Items listed in a dataset
•••
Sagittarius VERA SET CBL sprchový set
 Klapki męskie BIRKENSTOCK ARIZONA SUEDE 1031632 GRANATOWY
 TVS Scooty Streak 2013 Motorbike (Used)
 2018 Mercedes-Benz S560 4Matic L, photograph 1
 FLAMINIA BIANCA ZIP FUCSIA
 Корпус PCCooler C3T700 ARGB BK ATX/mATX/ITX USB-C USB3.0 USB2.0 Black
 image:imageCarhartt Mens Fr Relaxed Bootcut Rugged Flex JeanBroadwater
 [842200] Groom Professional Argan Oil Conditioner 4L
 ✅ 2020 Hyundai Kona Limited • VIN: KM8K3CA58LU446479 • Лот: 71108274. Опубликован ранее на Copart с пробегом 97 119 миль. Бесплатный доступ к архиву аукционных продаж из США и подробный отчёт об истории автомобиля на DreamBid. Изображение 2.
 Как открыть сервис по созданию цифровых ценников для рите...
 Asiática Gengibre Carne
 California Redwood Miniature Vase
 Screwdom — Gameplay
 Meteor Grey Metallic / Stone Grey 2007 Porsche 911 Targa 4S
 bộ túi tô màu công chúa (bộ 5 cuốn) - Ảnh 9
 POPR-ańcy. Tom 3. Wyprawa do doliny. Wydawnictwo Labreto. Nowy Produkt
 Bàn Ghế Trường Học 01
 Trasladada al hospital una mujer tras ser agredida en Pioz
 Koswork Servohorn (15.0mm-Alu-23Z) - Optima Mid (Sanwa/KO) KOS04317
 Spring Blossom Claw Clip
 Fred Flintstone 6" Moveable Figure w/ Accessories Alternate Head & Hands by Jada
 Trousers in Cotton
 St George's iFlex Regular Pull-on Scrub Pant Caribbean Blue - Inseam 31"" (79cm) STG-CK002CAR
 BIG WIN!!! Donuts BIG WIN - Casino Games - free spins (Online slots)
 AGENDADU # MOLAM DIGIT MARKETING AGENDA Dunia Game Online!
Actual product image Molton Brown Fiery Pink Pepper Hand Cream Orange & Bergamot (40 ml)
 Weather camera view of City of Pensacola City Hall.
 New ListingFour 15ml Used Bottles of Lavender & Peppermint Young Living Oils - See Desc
•••
**Work instruction:** Tally the lines of the entries that include the word "Used" and give only the total.

**Reply to the task:** 2